Chardham Temples in Namchi Sikkim

These four major temples of pilgrimage in India, collectively known as Chardham, are located in the four corners of India. Badrinath in Uttarakhand, Somnath in Dwarka in Gujarat, Jagannath in Puri in Odisha and Rameswaram in Tamil Nadu. The replica of each of these dhams is here, in the Namchi town of Sikkim. According to Hindu beliefs, every person should visit these four temples at least once in his lifetime. When I look at these geographically distributed temples, these temples in themselves speak a lot of the abundance of our culture and traditions. They show that traveling is an inbuilt part of our life. That is, we have to travel to the four corners of India in our lifetime. Facts show that most of the people who go on pilgrimage travel on foot, and eventually travel across the country while walking, mingling with the many communities along the way and mingling with the nature there. This shows that the religious geography of our country binds us in a unique bond by the strong threads of religiosity.
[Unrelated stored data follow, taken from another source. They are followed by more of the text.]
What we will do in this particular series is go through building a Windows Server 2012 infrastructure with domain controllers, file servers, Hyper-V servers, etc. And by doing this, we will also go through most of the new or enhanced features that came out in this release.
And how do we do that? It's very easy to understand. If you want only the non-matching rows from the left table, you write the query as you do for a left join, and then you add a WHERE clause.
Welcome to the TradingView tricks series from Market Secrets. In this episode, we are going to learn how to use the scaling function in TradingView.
We entered the complex of Chardham through a beautiful entrance and were welcomed by the temples surrounded by colorful flowers. We started the journey on the left side so that we could walk around the complex in a traditional clockwise manner. By doing this the entire complex will be circumambulated.

Rameshwaram Temple

Our first stop was the Rameshwaram temple, which is built in the style of Dravidian temples. It was also a little different from other temples. We entered the temple through a colorful high gopuram. We went there and prayed to Shivling. It is believed that this Shivalinga was installed by Lord Rama at Rameswaram during his return from Sri Lanka, to get rid of the guilt of killing Brahmins.

These temples are relatively simple inside and are also much smaller in size than the original temples. Despite this, these replica temples definitely give you the feeling of having a glimpse of the original temple. Going further, this path takes you to the idol of Shiva, passing through the Sai temple. The exterior of the Sai temple has an interesting structure of jaali work with red threads of vows tied around it, reminding you of the Ajmer Sharif or Chishti Dargah at Fatehpur Sikri.
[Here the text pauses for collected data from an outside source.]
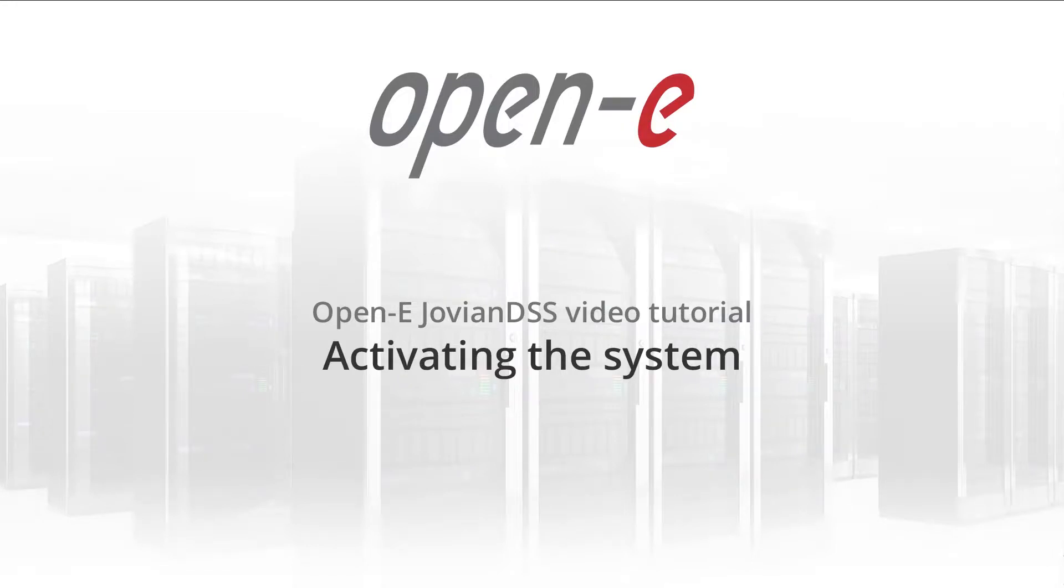In this tutorial, you'll learn how to activate your OpenE Jovian DSS system.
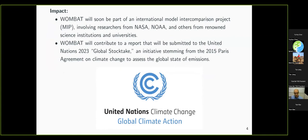Why is this framework important? WOMBAT will soon be part of an international model intercomparison project involving researchers from all around the world, including NASA and NOAA, with about 13 to 16 groups around the world trying to use satellite data to find carbon dioxide sinks and sources. Also, next year WOMBAT will contribute to a report submitted to the United Nations Global Stock Take. This meeting, happening in 2023, is really to see where countries are in tracking their carbon dioxide emissions and whether they are on track.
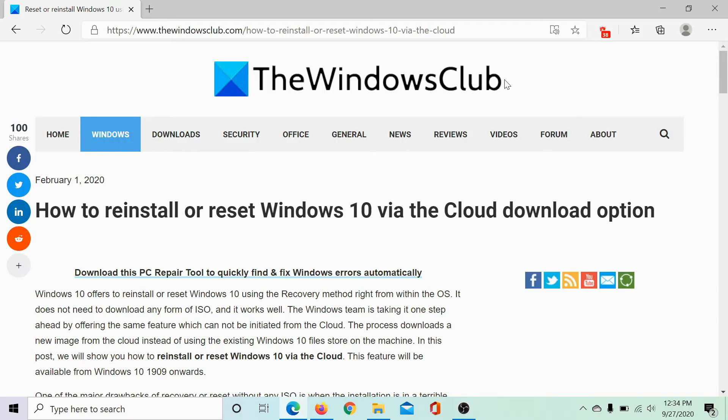Welcome to the Windows Club. I am Karan and I am here with a video on resetting or reinstalling Windows 10 via the cloud download option.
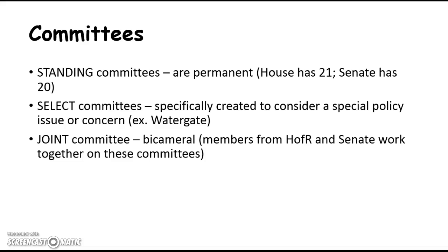You have standing committees, which are permanent committees — the House has 21, the Senate has 20. Then you have select committees, which are special and temporary committees. The Senate had the Watergate committee that investigated the Watergate issue — it was temporary, specially created and then dissolved. Then you have joint committees, which are bicameral, meaning members from both the House and the Senate work together on these committees.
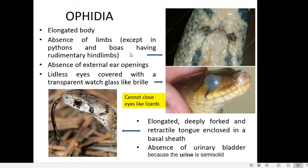Second is the absence of external ear openings. They even lack a tympanum or eardrum. The eyes also lack eyelids, so they cannot open or close their eyes. Instead, the eyes are covered with a transparent watch-glass-like covering called a brill, which gives snakes their characteristic starey look.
Shiva idol and 12 Jyotirlingas

We saw all the 12 Jyotirlinga near the idol of Shiva. Because we saw all these Jyotirlinga one after the other, we could know and understand the subtle difference between them. For example, the Shivling in Kedarnath is just a hump of stone, but the one in Rameshwaram is built in a square yoni in the style of South India. There is a small notice board which shows the story of each Shivling. A Sanskrit shloka summarizes the geography of these 12 Jyotirlingas through a short poem.
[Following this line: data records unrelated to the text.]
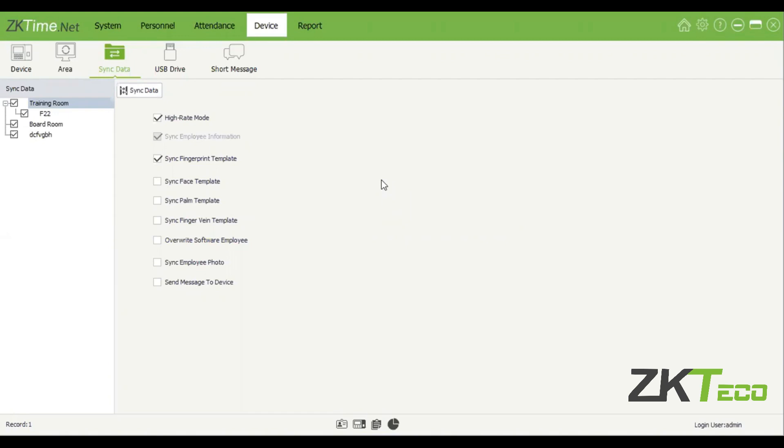Here's the other option I told you about at the beginning when we added some employees. There are two ways of adding employees: the first is on the software, which I already showed you, and the second method is adding them from the device. So you won't add them on the software — you'll add them on the device and then pull that information from the device.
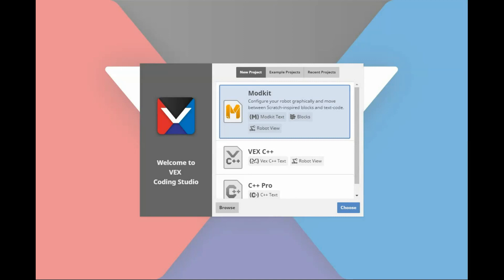Hi, in this video we're going to do a neat little activity to demonstrate the concepts of brake type coast, brake type brake, and brake type hold in VEX Coding Studio.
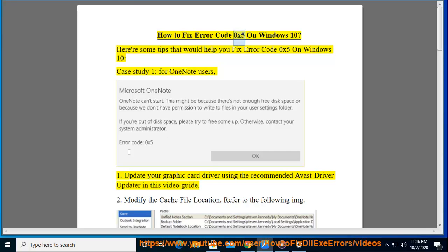How to fix error code 0x5 on Windows 10. Here are some tips that would help you fix error code 0x5 on Windows 10. Case study 1, for OneNote users.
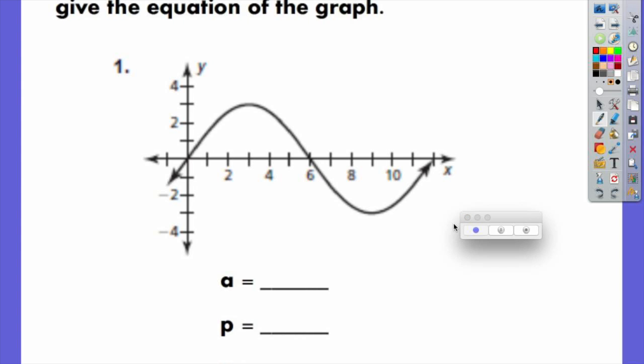We are still looking at the whole idea of graphing more complex functions as well as writing their equations. We'll be talking about the basic format of your sine, cosine, and tangent functions.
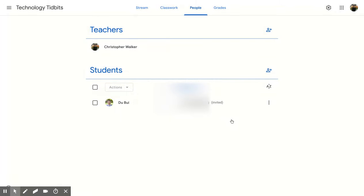And now it is sent out, and you'll notice that it says invited. And as soon as they have accepted, then it will show up as just their normal email.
The time had come to take darshan from near the idol of Shiva. The incarnations of the goddesses were excavated around the big platform on which Shiva was sitting. Standing in front of Shiva, you suddenly feel small and you naturally bow down to his power. Below this idol is a Shiva temple, where chapters of Shiva Purana are depicted. It includes everything from the marriage of Lord Shiva, to Lord Shiva carrying the dead body of Mother Sati after Prajapati Daksha’s Yagya, to the penance performed by Mother Parvati to get Shiva. There is a group of priests who perform satsang and kirtan daily in the temple with their musical instruments.

Jagannath Puri Temple

The next temple was the temple of Jagannath Puri, where Krishna lived with Balarama and Subhadra. The idols here are also impressive replicas of the idols of their original place.

Badrinath Temple

The best one was preserved for the last darshan, i.e. the colorful Badrinath temple. I have not been to Badrinath yet but the architecture of this temple and its colorful furnishings gave me another reason to visit Badrinath. Me and my camera both of us were completely immersed in the bright colors of the Badrinath temple of Chardham.

Every single moment spent in Chardham was the most beautiful moment. This Chardham Yatra was much more beautiful and beyond our expectations. Chardham is highly commendable in terms of quality, size and maintenance.

Visiting Chardham or Siddheshwar Dham, as it is officially called, is like traveling across India. These pilgrimage centers bind the whole of India in such a bond that political boundaries have no meaning for them. This destination of reverence and faith defines the boundaries of India.